John Weeks – What is Economics?

For those of you who feel somewhat overawed by economics, here is a good introduction, which will be followed by further such articles by John.

John Weeks is PEF Council Coordinator, Professor Emeritus, School of Oriental & African Studies, University of London, and author of ‘Economics of the 1%: How mainstream economics serves the rich, obscures reality and distorts policy’, Anthem Press.

Cross-posted from Progressive Economy Forum

Photo credit: Flickr/Andrew_Writer.

When I tell people I am an economist (retired), they frequently presume that I have expertise in how stock markets operate, and how markets operate in general. This, I think, reflects a perception that economics is about “supply and demand” and the determination of prices. This perception derives from a broadly accepted definition of economics by Lionel Robbins in his 1932 work, Essay on the Nature and Significance of Economic Science. He wrote that economics is “the science which studies human behaviour as a relationship between ends and scarce means which have alternative uses”.

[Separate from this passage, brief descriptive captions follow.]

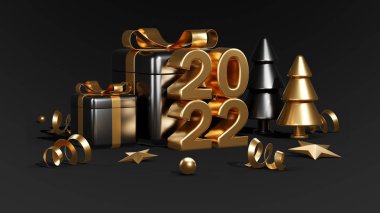 Üç boyutlu görüntüleme. Mutlu yıllar ve Noel arkaplanı gerçekçi canlandırması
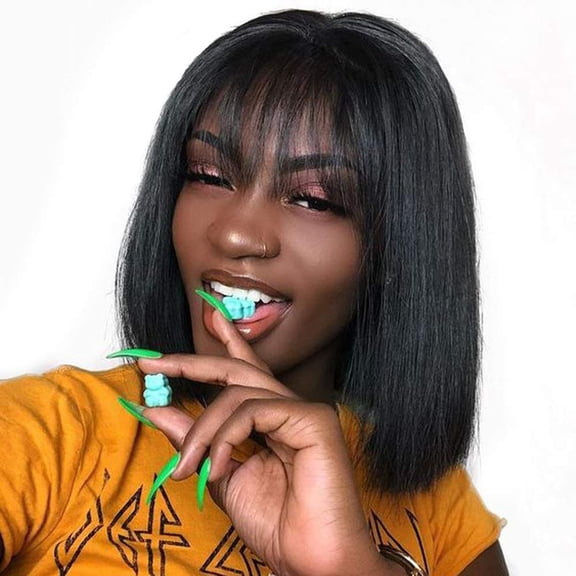 Short Straight Bob Wig with Bangs - Natural Black Glueless Wig, Full Machine Made, Breathable Cap, 10in Human Hair Look, Daily Wear Style, None Lace Front Wig, Christmas Halloween Gift for Women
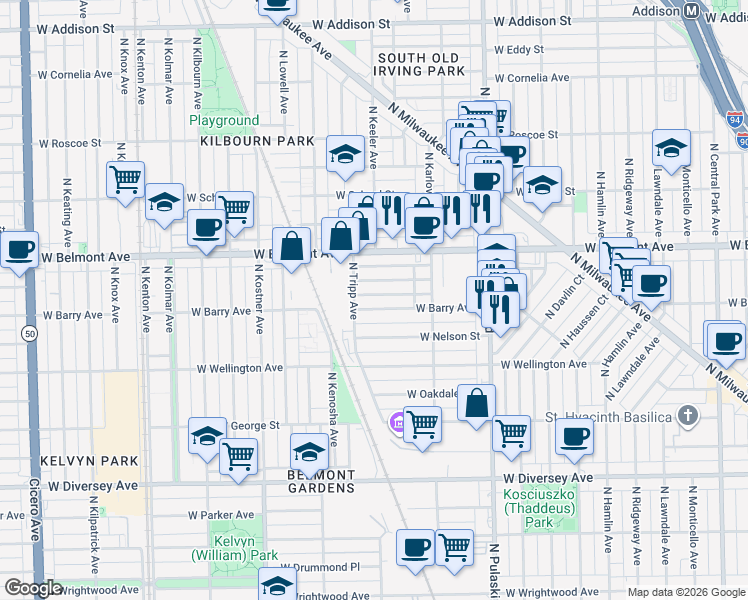 map of restaurants, bars, coffee shops, grocery stores, and more near 4161 West Barry Avenue in Chicago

This definition is repeated if one asks Google, what is economics? “In its most simple and concise definition, economics is the study of how society uses its limited resources”. A moment’s reflection tells us that resources (Robbins’ “means”) are scarce or limited only if they are fully used. In any society the most important resource is human labour, because it can be applied to the production of everything else. Unemployment statistics, going back well over a century in many countries, show that in most years economies operate with considerable idle labour (details here page 72).

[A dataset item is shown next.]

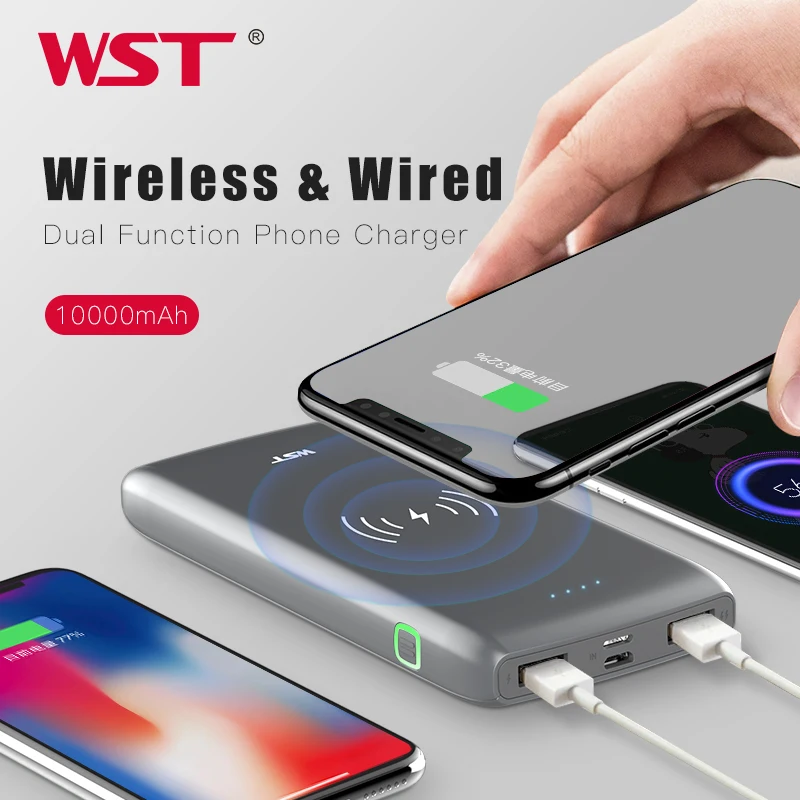 WST, 10000 мА/ч, беспроводное зарядное устройство, внешний аккумулятор Qi, быстрая зарядка, умный внешний аккумулятор, ультра тонкий, Тип C, портативное беспроводное зарядное устройство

Both Robbins and Google are wrong. In most years in most countries, we find substantial involuntary unemployment. Resources are not scarce. People look for jobs and cannot find them. Alongside the unemployment businesses operate with idle capacity. The central economic problem is not how society uses its resources, but how society can mobilize its resources so that they become scarce. If economics were the study of scarcity, then the common perception of economics as the study of markets would be correct, though a rather narrow field. The study of individual markets (even of the labour market)*, cannot tell us why resources lie idle.

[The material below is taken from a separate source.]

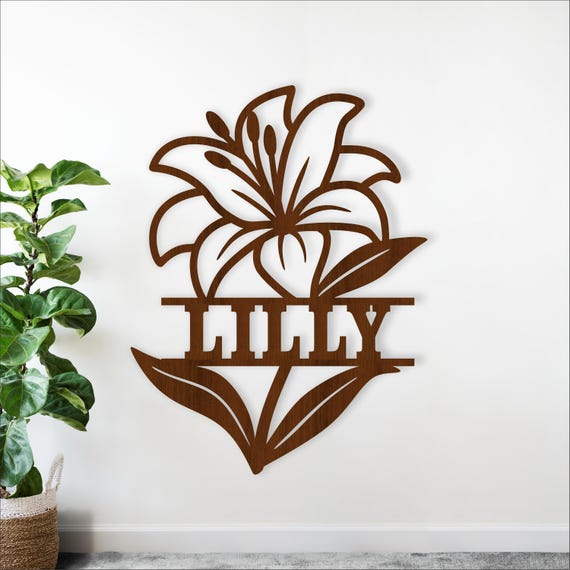 Lily Flower Name Sign SVG, Floral Personalized Laser Cut Template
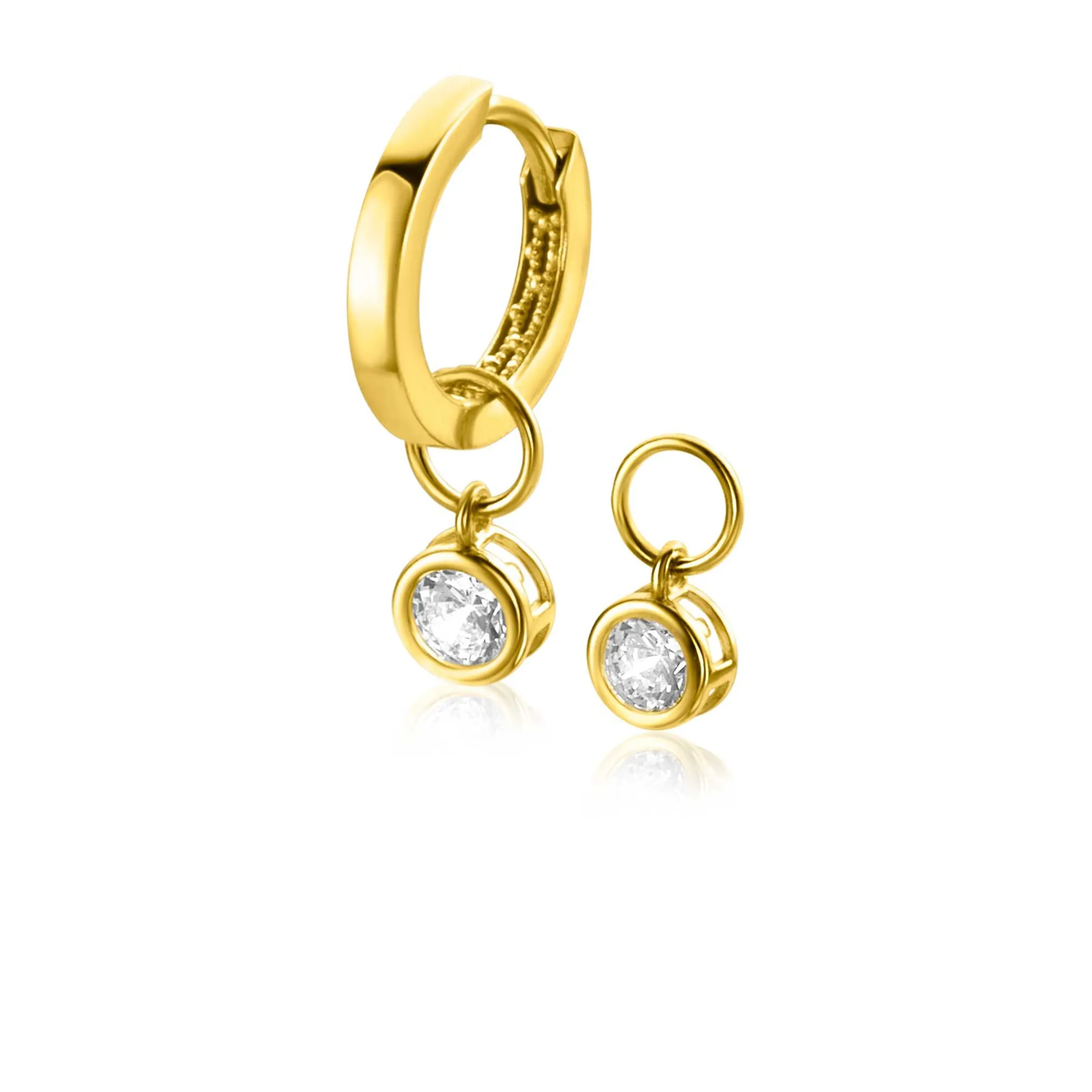 New Zinzi Gold 14 krt gouden oorbedels in ronde vorm bezet met witte zirconia 5mm ZGCH421 (zonder oorringen)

Accounting for the coexistence of idle labour and private companies that would potentially employ that labour requires explaining why overall expenditure is insufficient to induce business to produce more. To put it simply, when resources are idle, we must analyze the economy as a whole (“macroeconomics”), not individual markets (“microeconomics”).

Insufficient expenditure for the economy as a whole manifested in unemployment is the normal condition for market economies, and can be succinctly described by the term “demand failure”. Demand failures are the principal focus of macroeconomics, and result from a shortfall in one of the four components of aggregate demand, household consumption, private investment, exports and public sector spending. The first, household expenditure, is itself determined by people’s incomes. This leaves three categories of expenditure to determine national income (GDP), two private (investment and exports) and one from the public sector.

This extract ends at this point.